Topical treatments Certain topical NSAID preparations are effective. Topical capsaicin – this is a lipophilic alkaloid derived from chilli peppers. Topical capsaicin applied three times daily can reduce pain associated with hand or knee OA. Capsaicin has a high rate of skin reactions.

Intra- articular injection Intra-articular injection of corticosteroid is helpful for quick control of pronounced pain from knee osteoarthritis, thumb base and other joints. Corticosteroid injections can give short-term relief ( 2-3 weeks) in knee and as long as 3-4 months in hip. There is little compelling evidence for the efficacy of intra-articular Hyaluronan.
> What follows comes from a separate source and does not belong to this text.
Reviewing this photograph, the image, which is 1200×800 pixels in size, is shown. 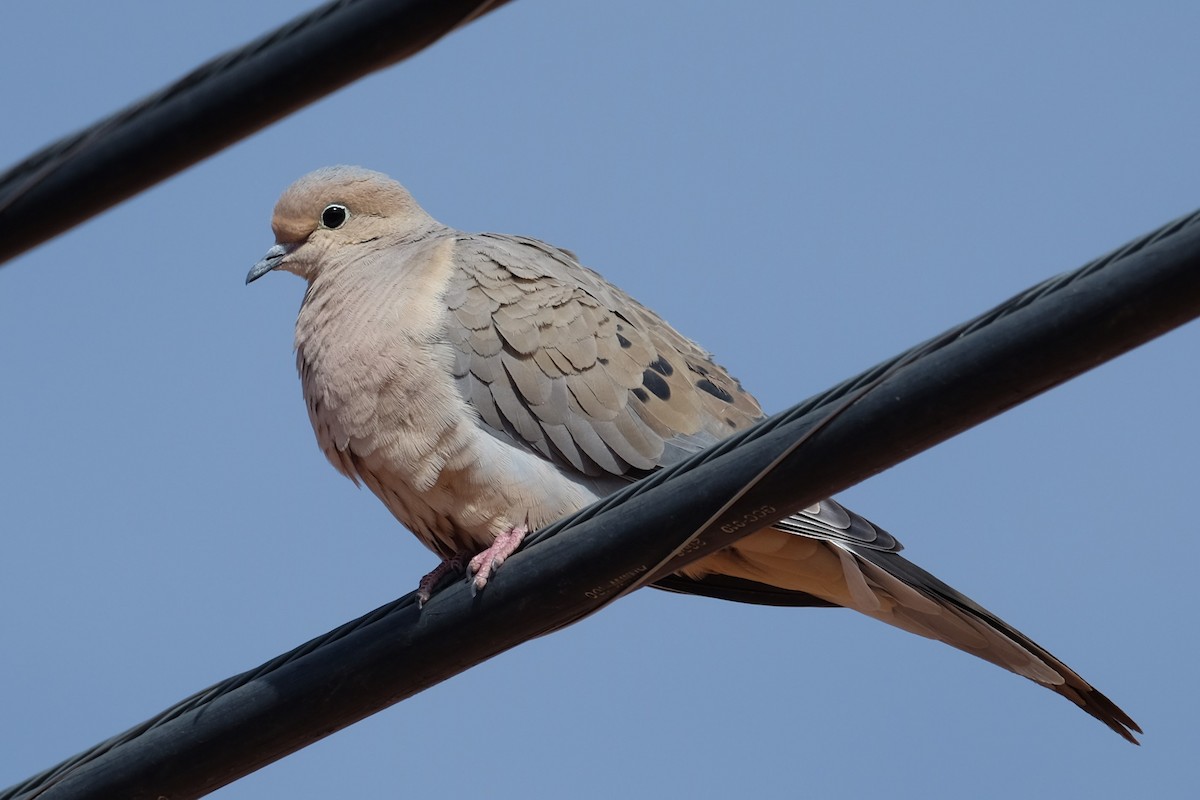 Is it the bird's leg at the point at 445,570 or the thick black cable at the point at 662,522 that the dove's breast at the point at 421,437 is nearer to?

SYSADOA ( symptomatic slow acting drugs in ostheoarthritis ) However, the main goal of OA therapy should be to delay cartilage degeneration and even help to regenerate the cartilage structure. Medications having these properties are generally called ‘chondroprotectives’. They are diffrrentiated as symptomatic slow acting drugs in OA ( SYSADOA) and disease-modifying OA drugs ( DMOAD). Currently, glucosamine and chondroitin are the two most commonly used SYSADOA to modify the clinical and radiological course of OA. Glucosamine and chondroitin are also the most frequently used nutraceuticals in humans as well as in animals to alleviate pain associated with arthritis.

Disease modifying OA drugs ( DMOADs) There are currently no universally accepted disease-modifying OA drugs. Single studies have suggested efficacy for a number agents and toxicity has prevented development of others. Potential DMOADs include: Diacerein Doxycycline Licofelone Strontium ranelate Bisphosphonates

Surgery Surgery, including total joint replacement, should be considered for patients who have persistent pain, stiffness, and reduced function that are refractory to non-surgical treatments and which impact significantly on their quality of life. Patient specific factors such as age, obesity or other comorbidity should not be barriers to surgery, and referral should be made early before there is prolonged and established functional limitation and serere pain.